■ Material supplied:
- - - -
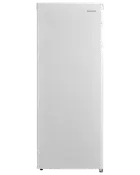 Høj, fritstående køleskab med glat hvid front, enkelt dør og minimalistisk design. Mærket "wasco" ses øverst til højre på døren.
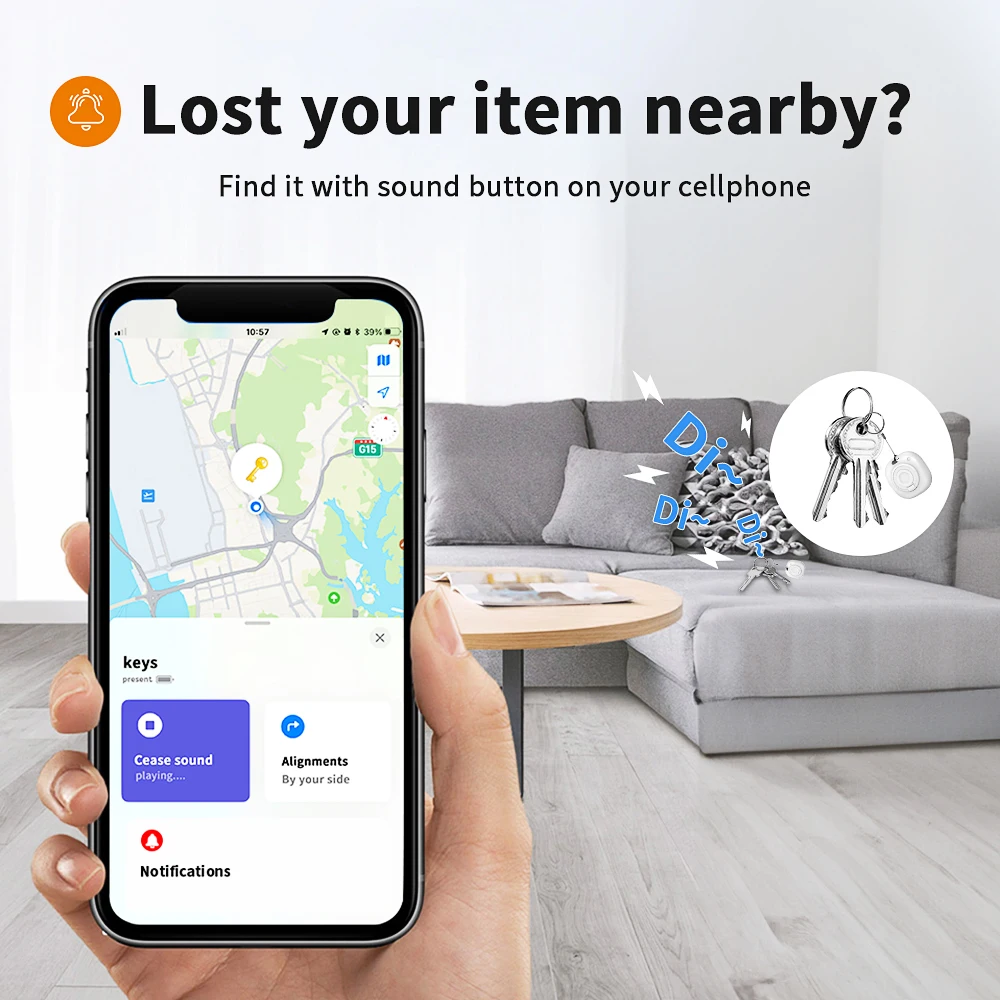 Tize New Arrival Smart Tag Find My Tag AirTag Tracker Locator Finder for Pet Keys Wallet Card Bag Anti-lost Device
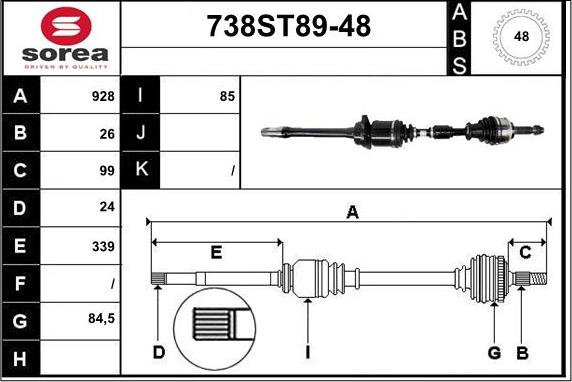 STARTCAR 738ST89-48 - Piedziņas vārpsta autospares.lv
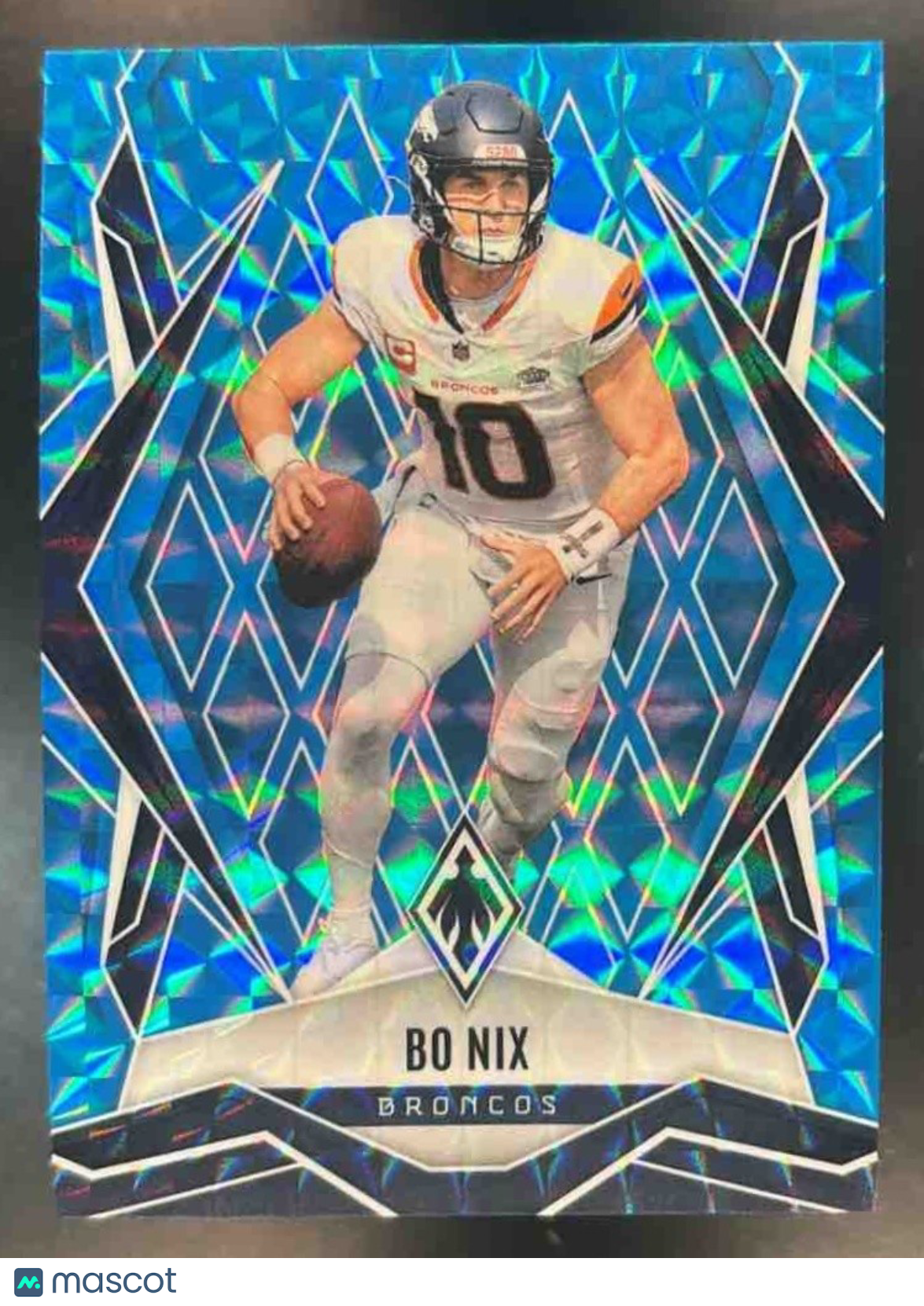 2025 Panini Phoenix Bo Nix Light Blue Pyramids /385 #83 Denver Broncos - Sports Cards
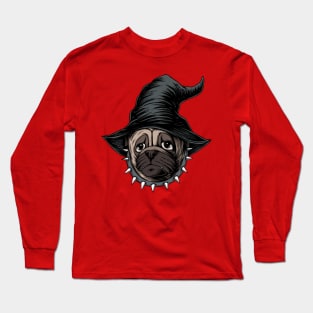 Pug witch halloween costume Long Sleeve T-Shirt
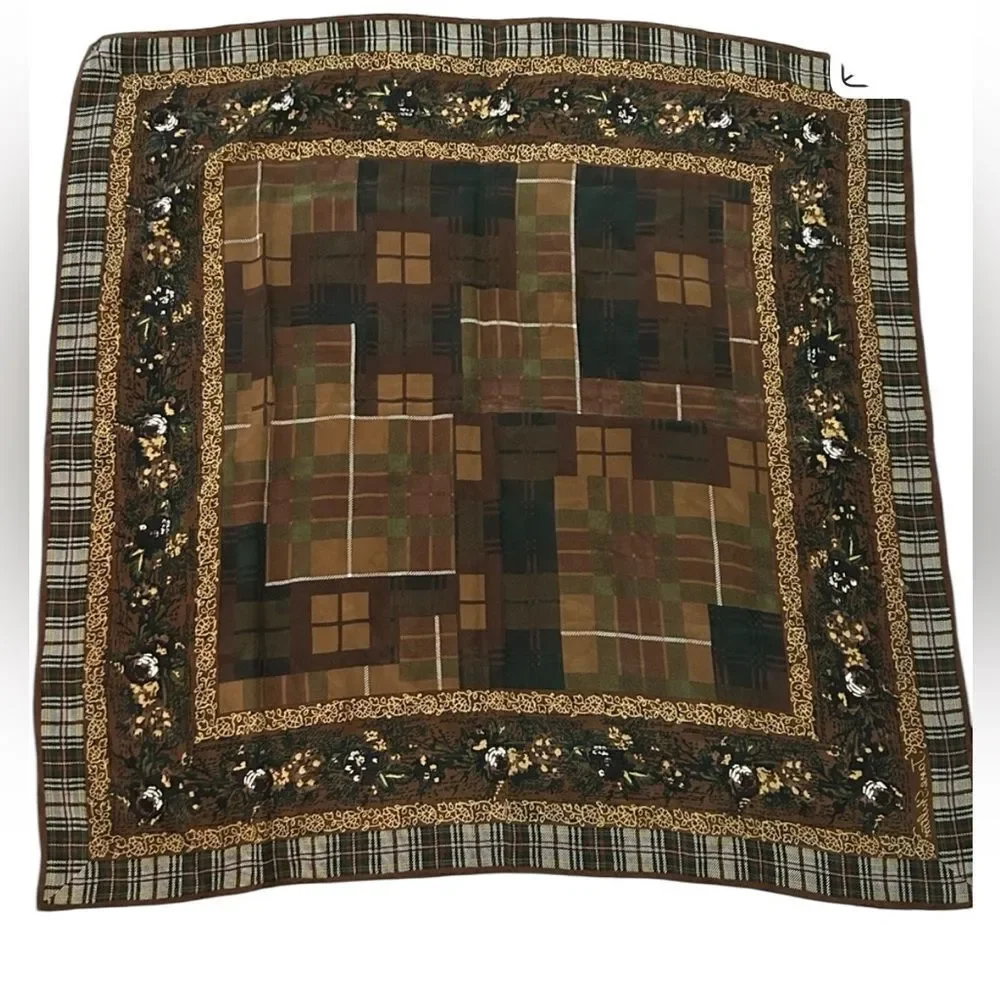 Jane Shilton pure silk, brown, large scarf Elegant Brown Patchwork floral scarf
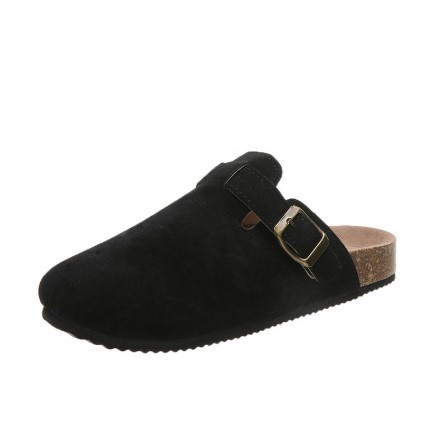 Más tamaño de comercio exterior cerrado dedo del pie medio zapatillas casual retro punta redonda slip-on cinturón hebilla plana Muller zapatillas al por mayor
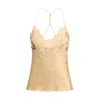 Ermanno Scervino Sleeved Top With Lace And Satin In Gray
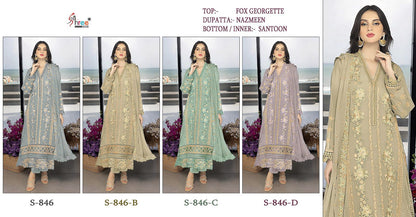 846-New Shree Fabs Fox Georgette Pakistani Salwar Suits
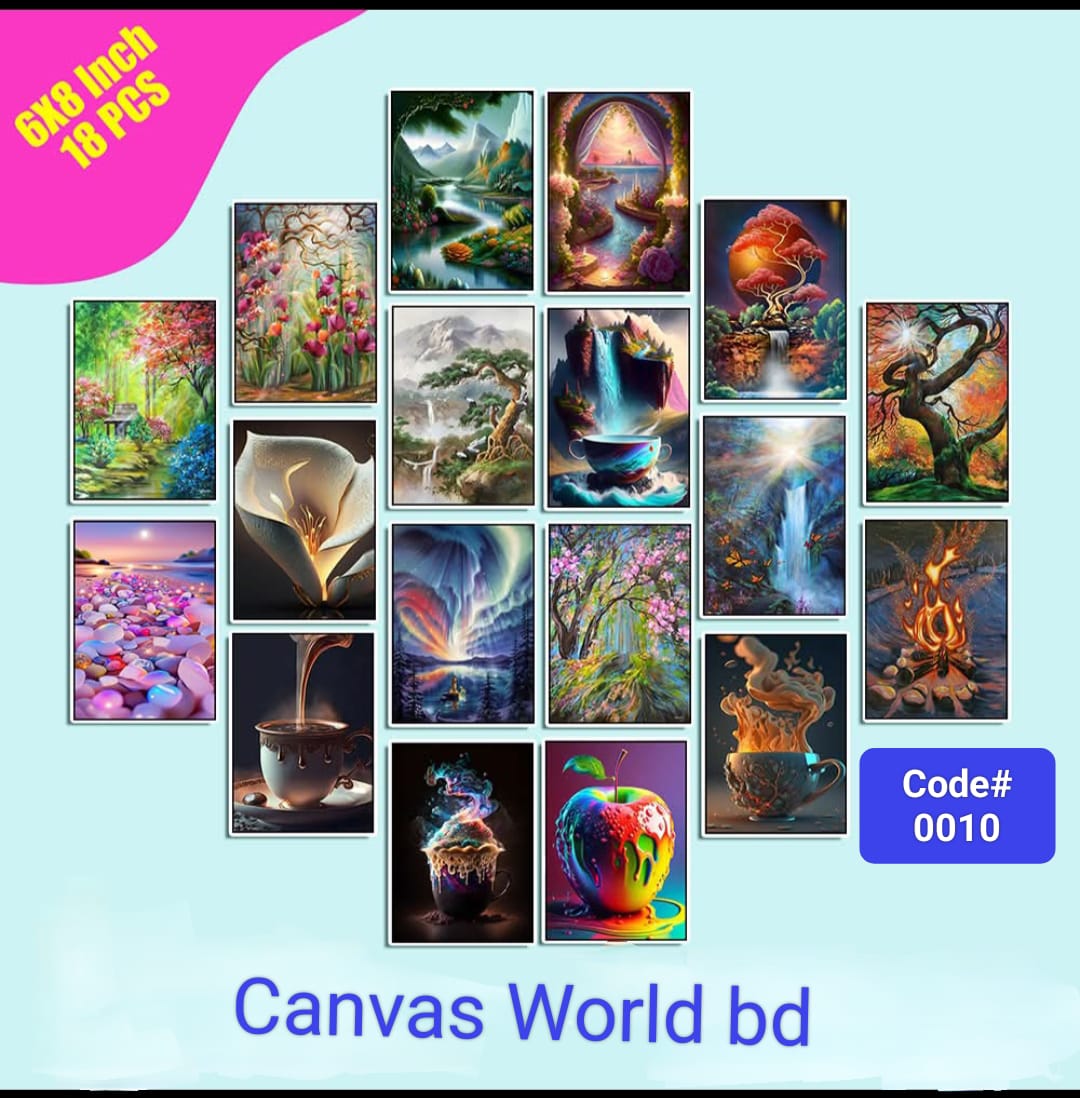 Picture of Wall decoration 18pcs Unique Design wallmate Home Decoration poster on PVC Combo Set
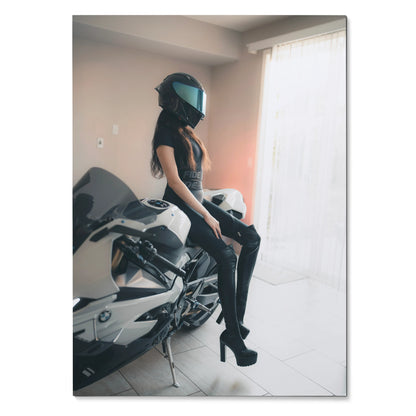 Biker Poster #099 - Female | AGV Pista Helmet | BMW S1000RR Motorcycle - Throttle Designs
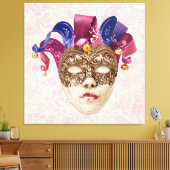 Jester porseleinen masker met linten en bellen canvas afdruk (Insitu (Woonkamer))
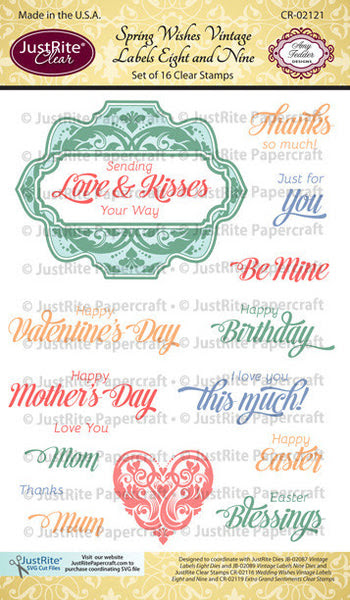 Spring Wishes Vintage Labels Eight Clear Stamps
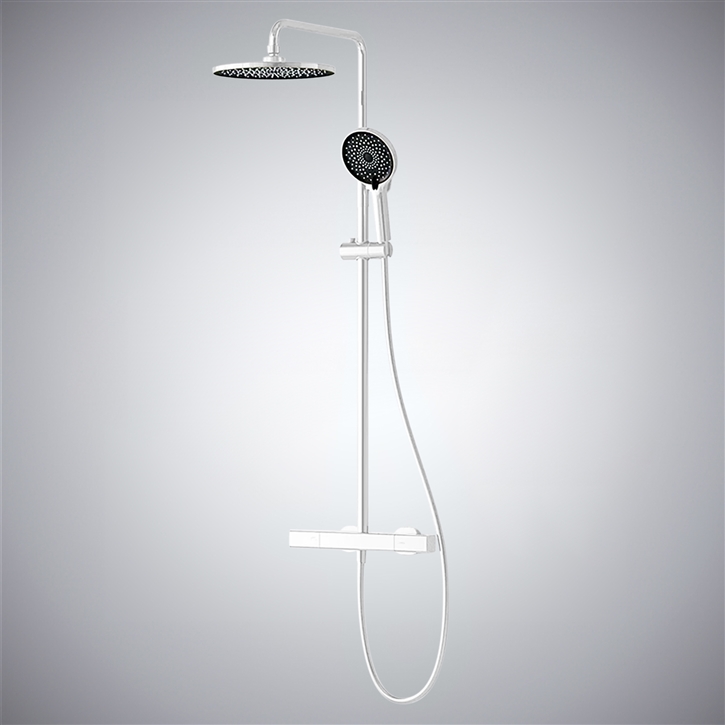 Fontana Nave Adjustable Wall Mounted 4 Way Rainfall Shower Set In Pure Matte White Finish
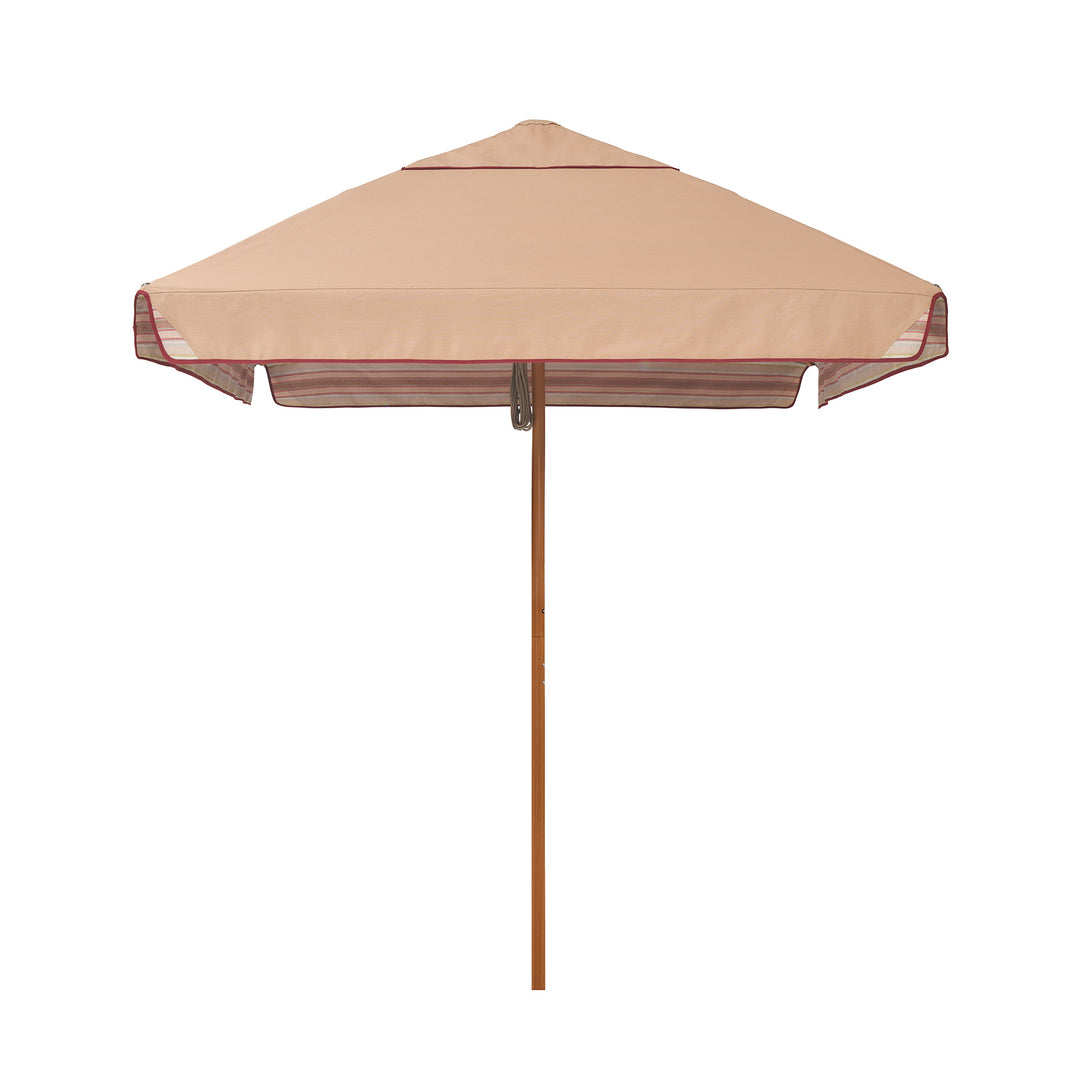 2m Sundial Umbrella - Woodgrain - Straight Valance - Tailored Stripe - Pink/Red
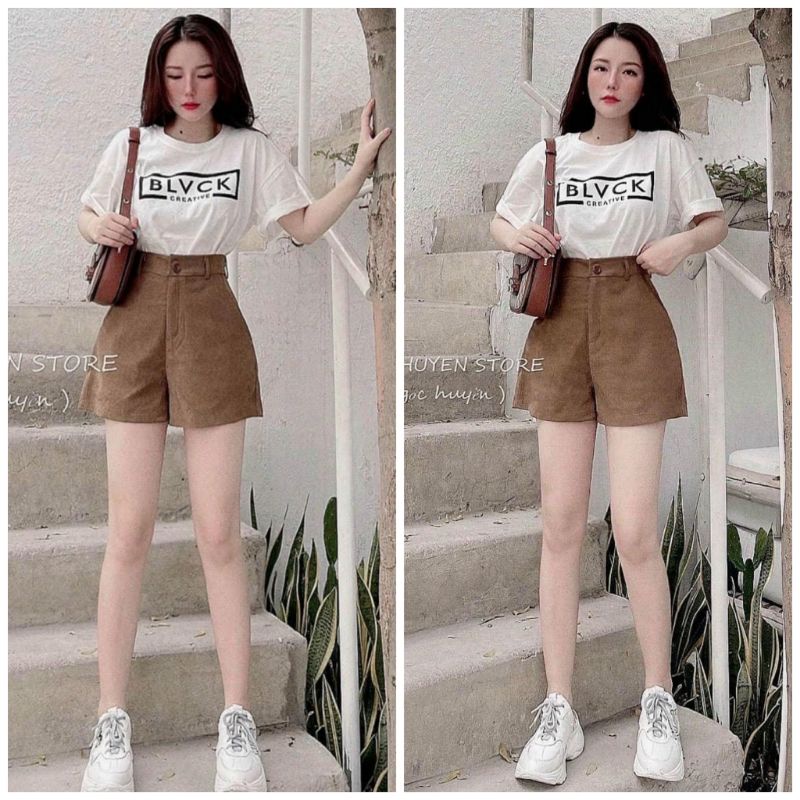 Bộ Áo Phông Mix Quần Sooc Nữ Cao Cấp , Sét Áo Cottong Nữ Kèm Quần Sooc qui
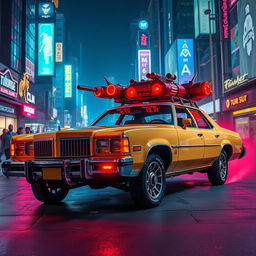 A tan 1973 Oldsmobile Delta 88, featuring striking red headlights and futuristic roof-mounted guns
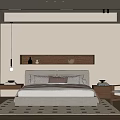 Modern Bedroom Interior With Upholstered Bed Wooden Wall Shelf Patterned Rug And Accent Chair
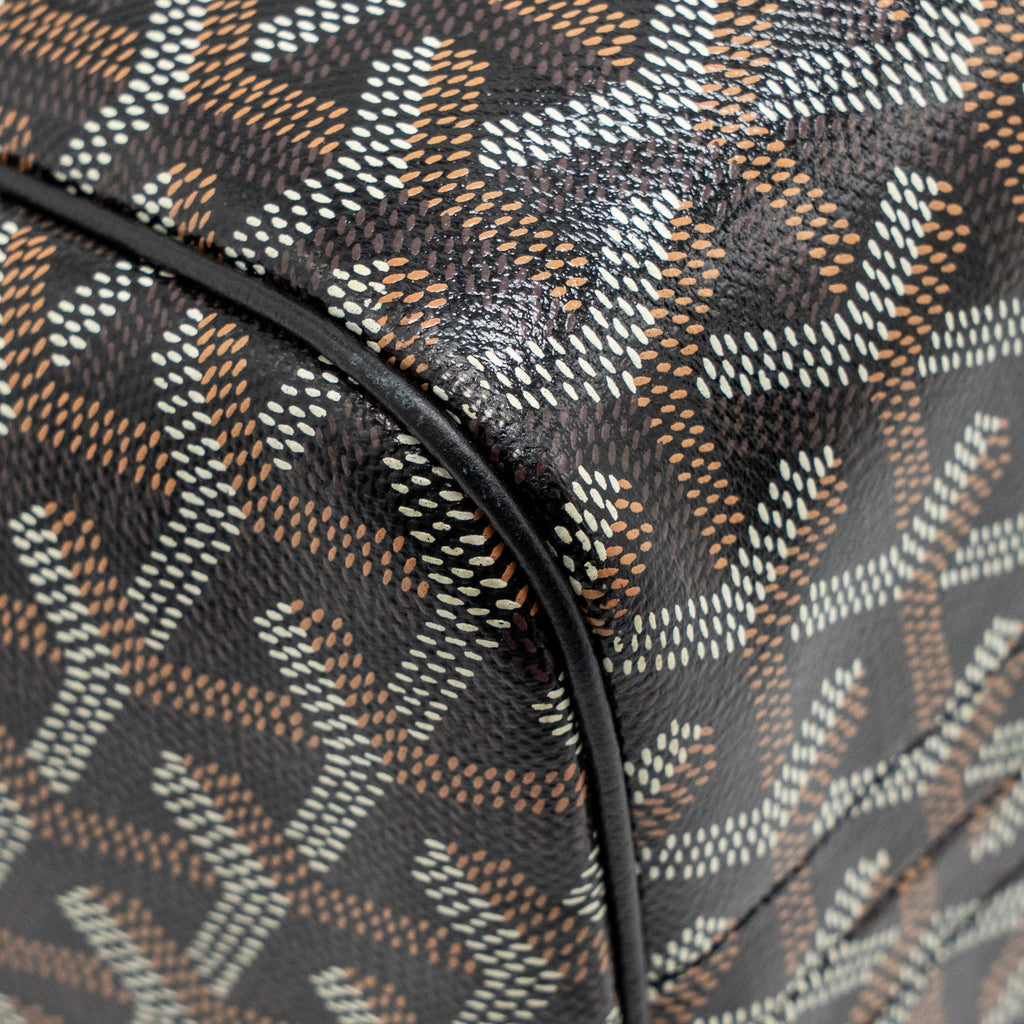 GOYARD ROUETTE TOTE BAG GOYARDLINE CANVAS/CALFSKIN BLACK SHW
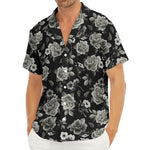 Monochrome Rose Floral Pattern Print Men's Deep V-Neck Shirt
- - - -
■ Exercise instructions: Range to copy from the records above: the line containing "Más tamaño de" to the line containing "Picture of Wall", both included. Output those lines exactly and only those, skipping pictures.

■ Solution to this task:
 Más tamaño de comercio exterior cerrado dedo del pie medio zapatillas casual retro punta redonda slip-on cinturón hebilla plana Muller zapatillas al por mayor
 Ermanno Scervino Sleeved Top With Lace And Satin In Gray
 846-New Shree Fabs Fox Georgette Pakistani Salwar Suits
 Picture of Wall decoration 18pcs Unique Design wallmate Home Decoration poster on PVC Combo Set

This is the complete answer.